Feminist Art Gallery
- Established: 2010
- Location: Toronto, Ontario, Canada
- Type: Art gallery, collective, museum
- Founders: Allyson Mitchell Deirdre Logue

= Feminist Art Gallery =

Art gallery in Toronto, Ontario

Feminist Art Gallery (or FAG) is an art gallery and collective based in Toronto, Ontario, described as a “geographical footprint” co-founded by artists Allyson Mitchell and Deirdre Logue in 2010.

==History==
Allyson Mitchell and Deirdre Logue founded the Feminist Art Gallery (FAG) in 2010."

FAG provides a space for art exhibitions, and opportunities for artists who are emerging, and such as queer artists and people of color.

The gallery operates alternatively to traditional galleries in the sense that artists do not submit proposals, and Mitchell and Logue act as "feral curators", which means they look to friends and peers to suggest which artists to show. The art is also not for sale, rather the artists receive a fee from private donations raised through its "matronage program."

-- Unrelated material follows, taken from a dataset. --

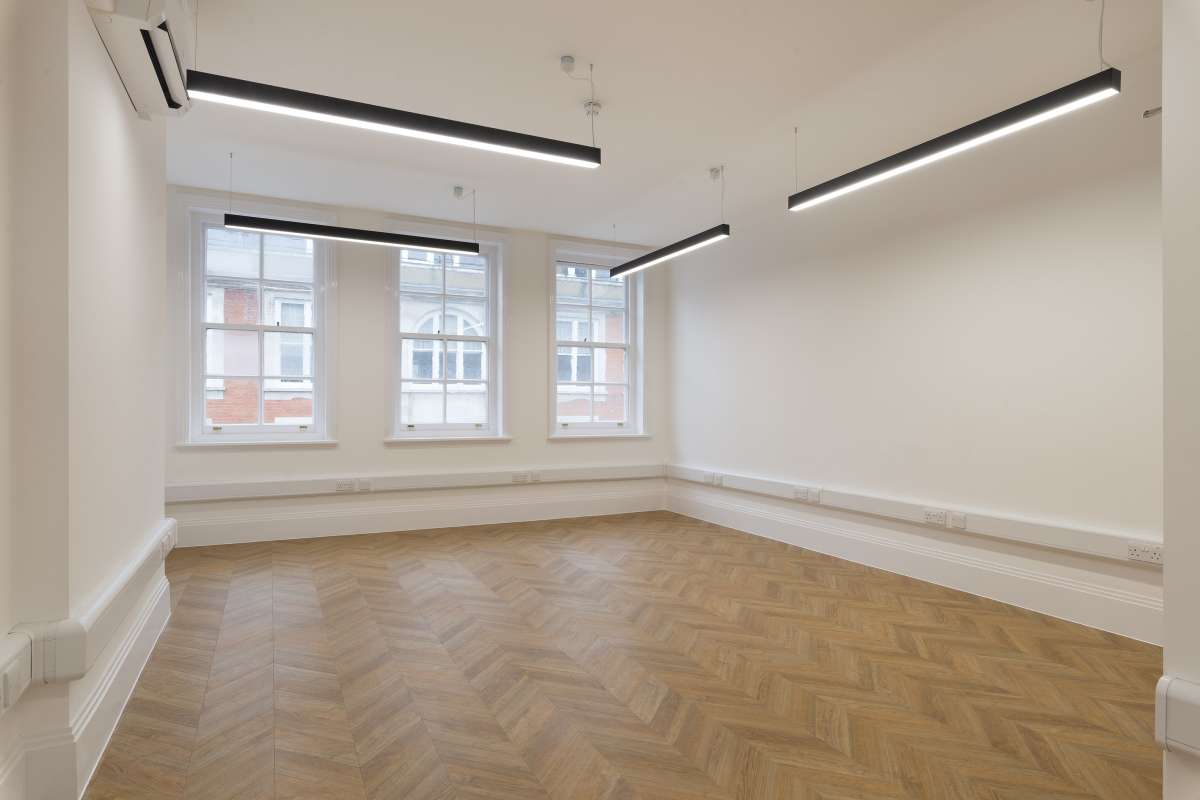 Office in London - photo 4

Their most notable project are a series of banners funded by the University of Brighton for an Exhibition called "Civil Partnerships-Queer & Feminist Art & Activism". The series of four banners made of crochet granny squares read: "WE CAN’T COMPETE", "WE WON’T COMPETE", "WE CAN’T KEEP UP", "WE WON’T KEEP DOWN". These slogans are central to FAG’s mandate in which they ask " "Why would you want to be a winner in this hierarchical structure?" and "How do we both resist and reconcile our participation in this oppressive system?"

FAG has collaborated with institutions such as San Francisco Museum of Modern Art, Tate Modern, and were the artists in residence in 2015 at the Art Gallery of Ontario. They have also done projects with the Whippersnapper Gallery, The Power Plant, The Gallery of York University, Access Gallery, and Artists Independent Archives.